The combination of insufficient relief programs with increasing police violence has been leading to an especially serious situation concerning drug addicts.
Since the 1990s, thousands of crack users have occupied a vast area in the central district of São Paulo known as Crackland. Mayors and state governors have always presented plans to extinguish it, but all of them failed to do so.
In 2021, the city government launched a massive police operation to put an end to Crackland. The continuous presence of hundreds of police officers in the area carrying out frequent raids dismantled it, but now groups of crack users can be seen in different parts of the district — and of the city as a whole.
“What are the effects of such actions? People are now scattered, but the problems continue. It only generated fear and hostility among the local residents and shopkeepers,” Father Lancellotti said.
Those policies have been disorganizing the street dynamics of the homeless people, leading them to wander for new zones and creating a feeling of insecurity, Father José Francisco dos Santos, who heads the Franciscan Social Action organization (known as SEFRAS in Portuguese), told OSV News.
“We have been feeling a growing demand for meals. New people come to us every day. And the atmosphere is more and more tense, with more people intoxicated approaching us,” dos Santos told OSV News.
SEFRAS has a team of 60 workers and volunteers who distribute about 3,000 hot meals daily. The rising tension in the relationship with people without housing has led the organization to build a therapy program for the staff.
Dos Santos argued it is inevitable that the increasing police repression provokes more violence on the streets. Over the past months, outbursts of vandalism and looting have been reported every now and then.
“Treating every drug addict as a criminal is not fair. At the same time, it generates more violence,” he said. The sudden removal of groups of homeless from their areas during cleaning operations also is unacceptable, dos Santos added.
Father Lancellotti considers that Mayor Ricardo Nunes and state Gov. Tarcisio de Freitas have been implementing such policies in order to address the interests of the real estate market.
De Freitas announced a plan to move the government headquarters to the central district months ago. Many of his critics, including Father Lancellotti, think that the crackdown on drug users in the area is part of the process and that his idea is to prepare that zone for private investment.

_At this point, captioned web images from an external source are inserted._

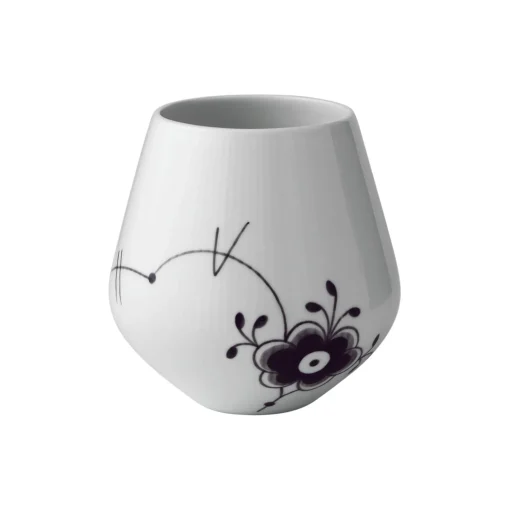 Royal Copenhagen Sort Mega Riflet vase 15 cm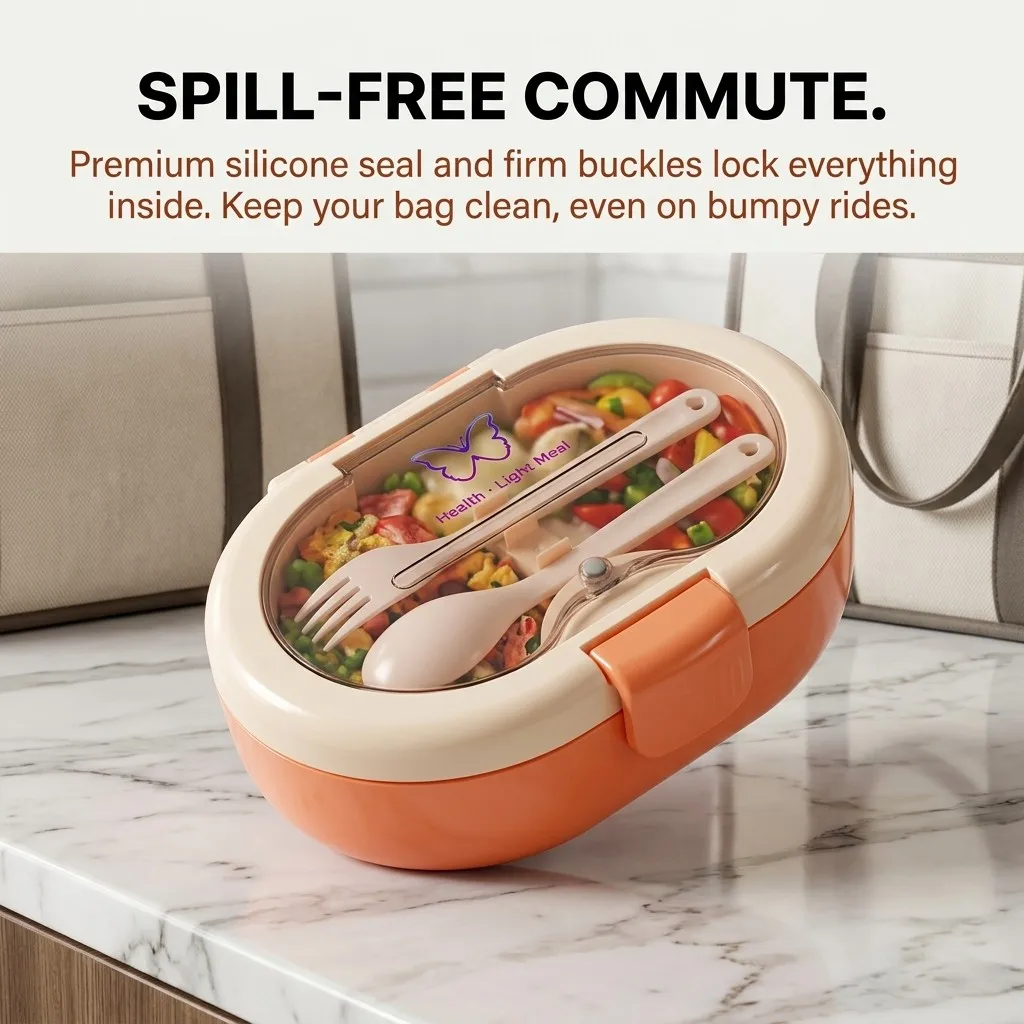 Plastic Bento Lunch Box with C - Meal Prep Or Prep Meal review and price
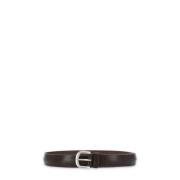 Bruin Gladleren Heren Riem Orciani , Brown , Heren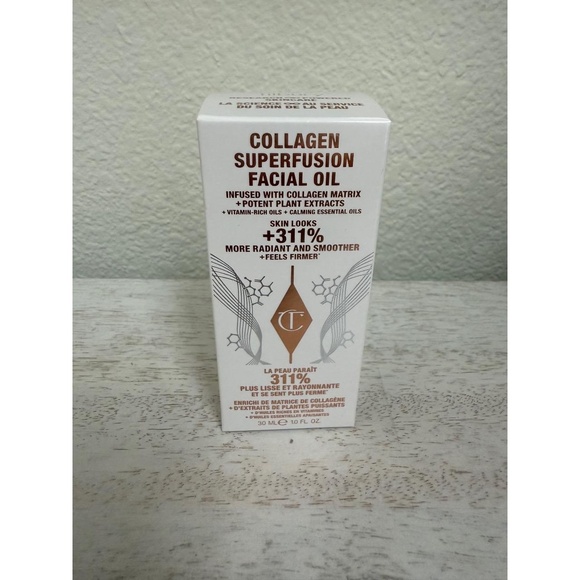 NWT Charlotte Tilbury Collagen Superfusion Facial Oil - Picture 3 of 5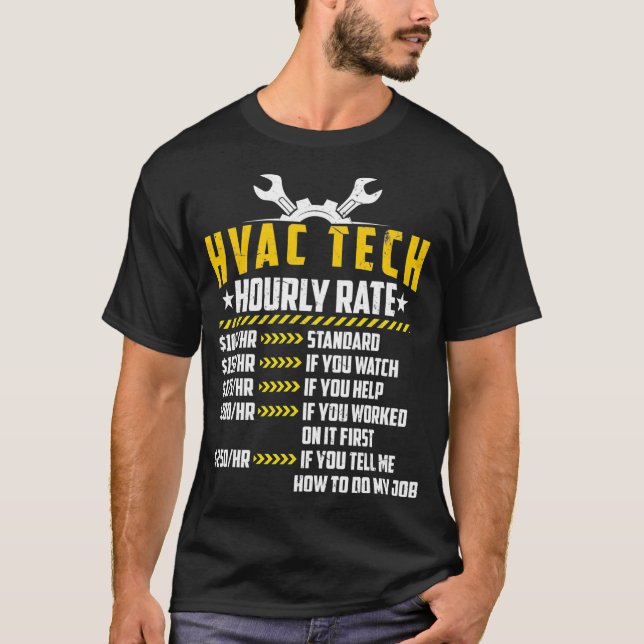 Camiseta Mantenimiento de Técnico Funny Rate de la tecnolog (Anverso)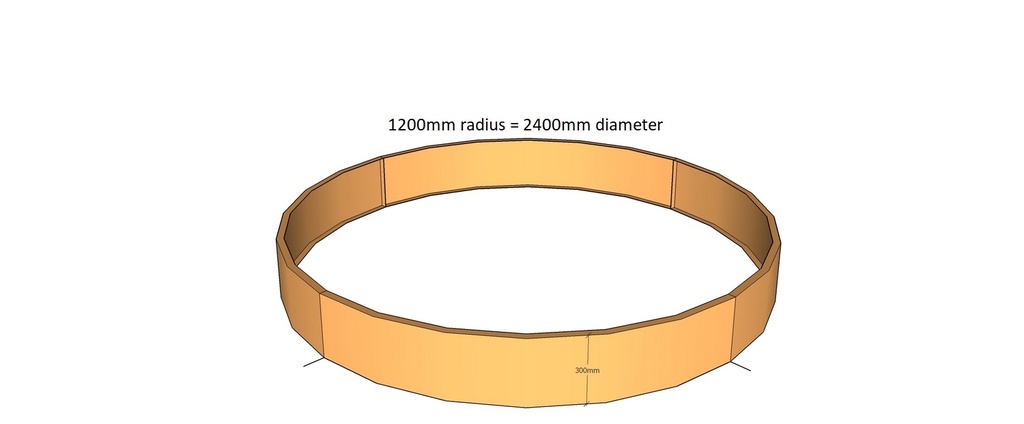 Round planter 1200rad x 300T-3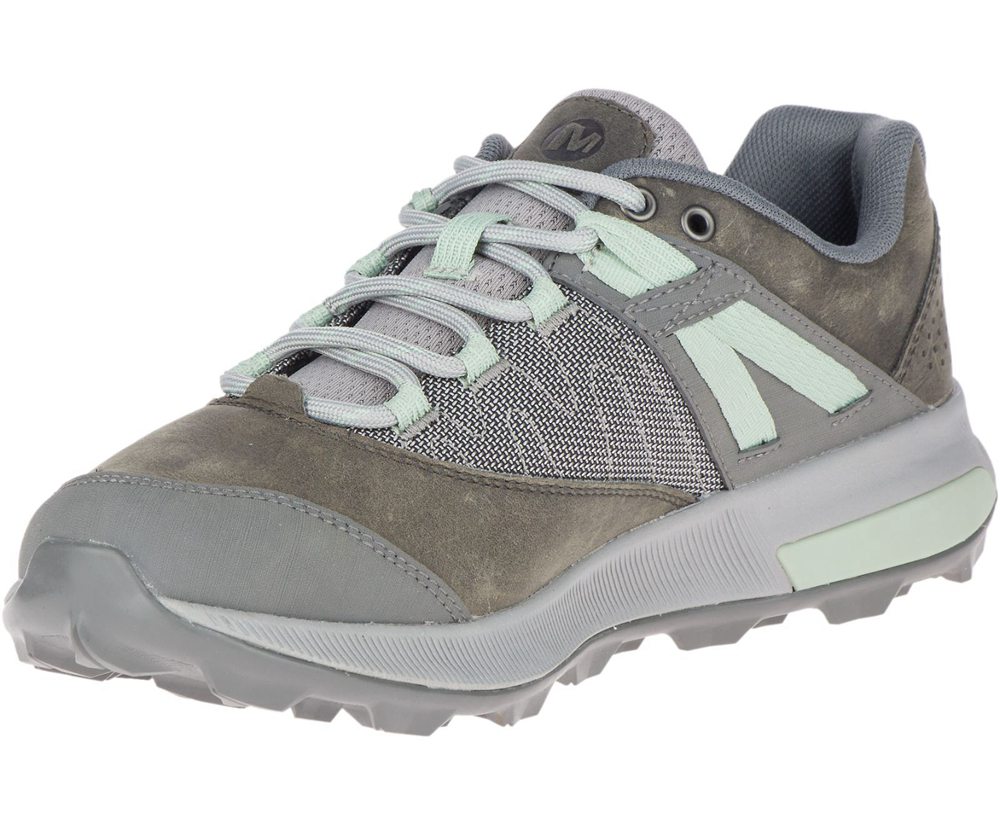 Merrell Hiking Shoes Grey - Zion - Womens 76AZPNWXM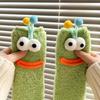 Ugly Cute Funny Socks Women's Medium Tube Socks Autumn and Winter Floor Sleeping Socks Coral Fleece Home Hair Fluffy Cute Warm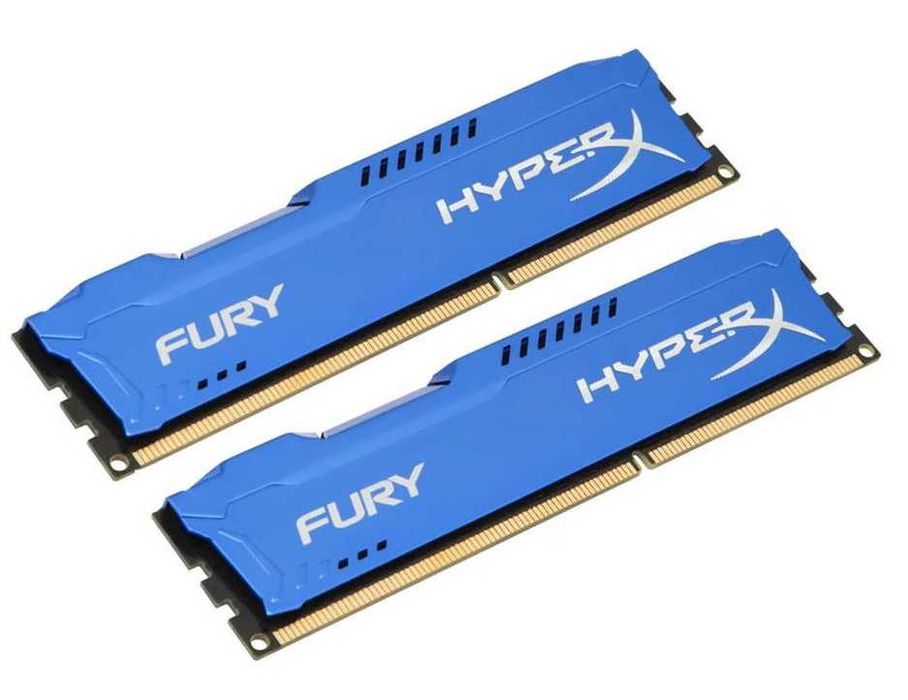 Пам'ять HyperX FURY 16 GB KIT (2x8GB) DDR3 1333 1600 1866 MHz
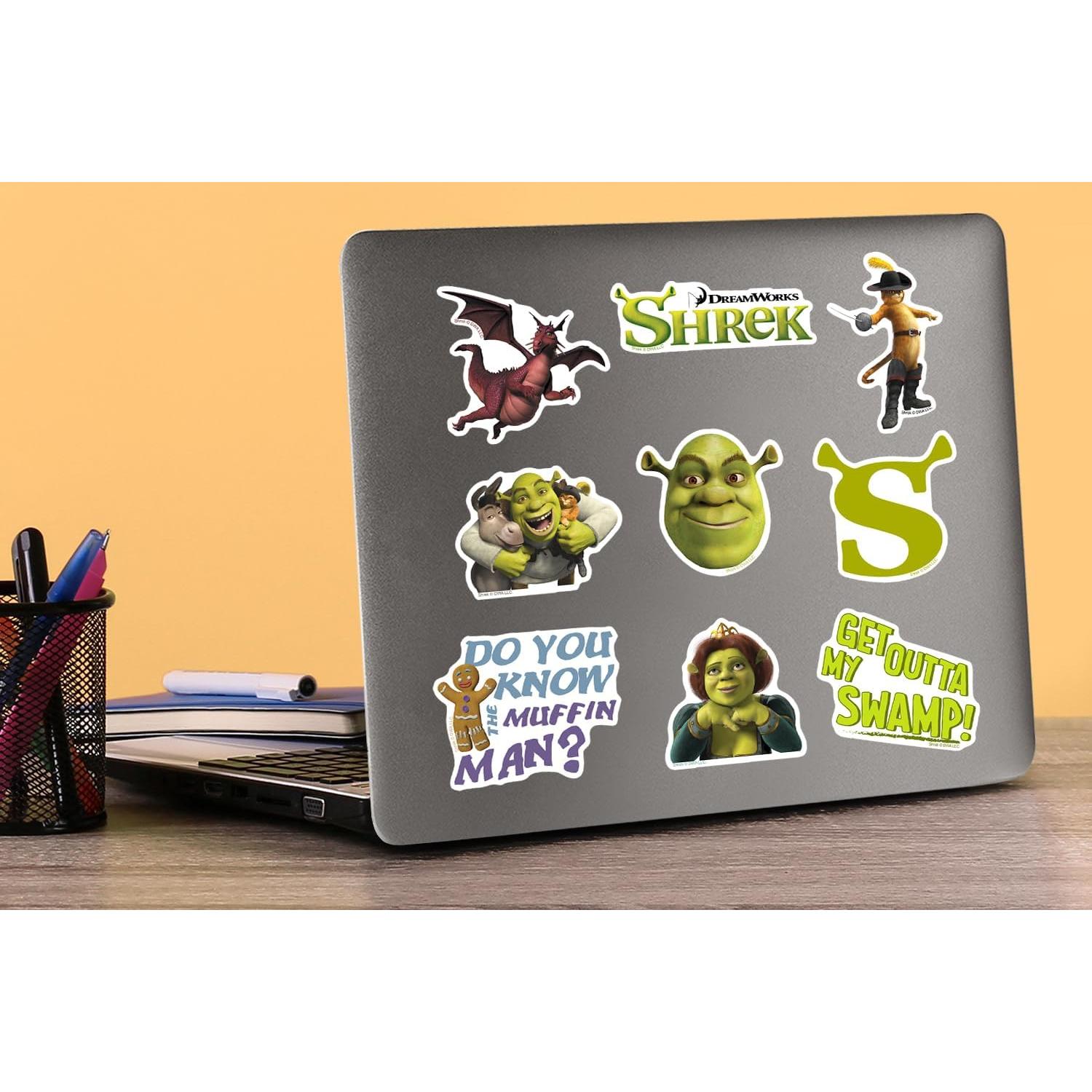 Pack de 50 Stickers Grandes Deluxe Shrek - Vinilo Premium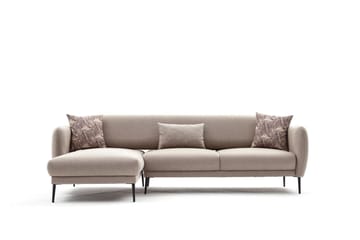 Divanbäddsoffa 3-sits Genna - Beige - Möbler - Soffa - Bäddsoffa - Hörnbäddsoffa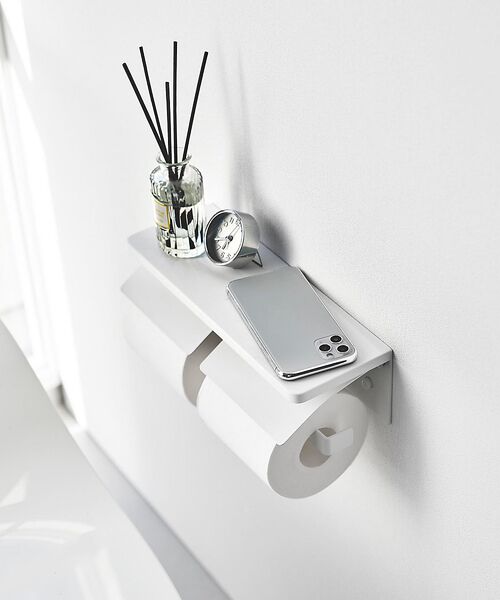 collex / コレックス その他雑貨 | 【tower/タワー】ウォールトイレットペーパーホルダー ダブル 石こうボード壁 | 詳細3
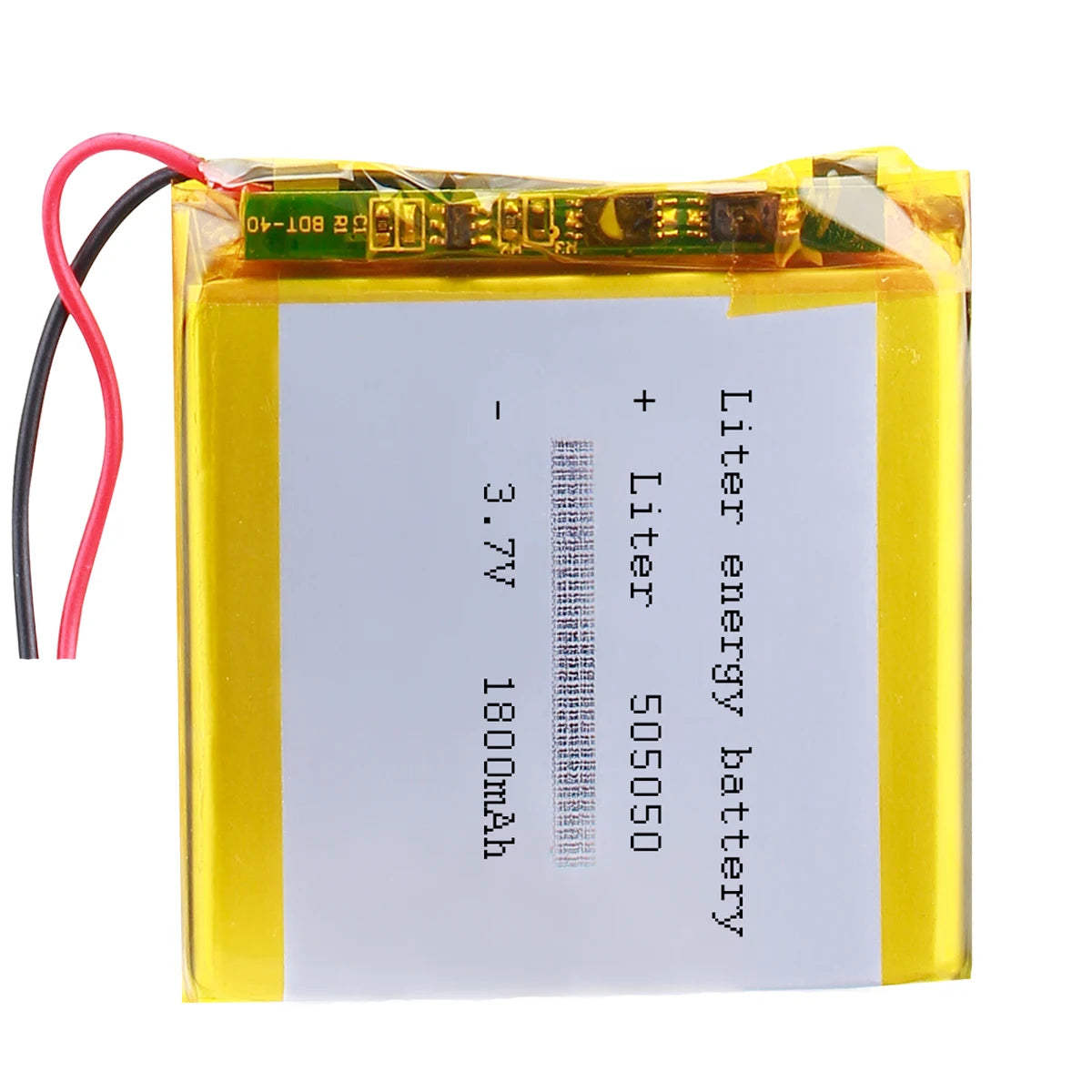 3.7V Lithium Polymer Battery 505050 1800MAH Tachograph Sound Card Wireless Rechargeable Li-ion Cell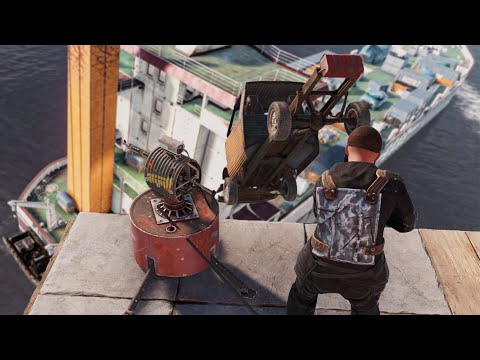 Видео: Построил заезд на карго в Раст/Rust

“It is an ancient target of the real estate companies. That district is connected to subway and train lines and important avenues and hosts museums and theaters,” Father Lancellotti said.
In his opinion, real solutions for the homeless people and the Crackland require complex actions connecting different areas and branches of the government, with massive investment in programs that could attain thousands of people.
“The first step is to take the police dimension out of the table. The war on drugs cannot be the basis of the measures that will be taken,” he argued.
Catholics, he said, should not support hostilities and violent policies, and should instead be inspired by the pope’s message concerning the connection between human dignity and the need for shelter.
“Unfortunately, we are very distant from Pope Francis as a Church. He seems to be more valued by the people and not so much by the institution,” he concluded.
Eduardo Campos Lima writes for OSV News from São Paulo, Brazil.
Featured Image: Police stand guard near homeless people during an operation in São Paulo, Brazil, April 8, 2023. Local authorities have been continually failing to find ways to deal with the growing number of homeless people in São Paulo, Brazil’s largest city and financial hub, according to priests with decades of experience working on the streets. (OSV News/Leon Rodrigues, courtesy Prefeitura de São Paulo)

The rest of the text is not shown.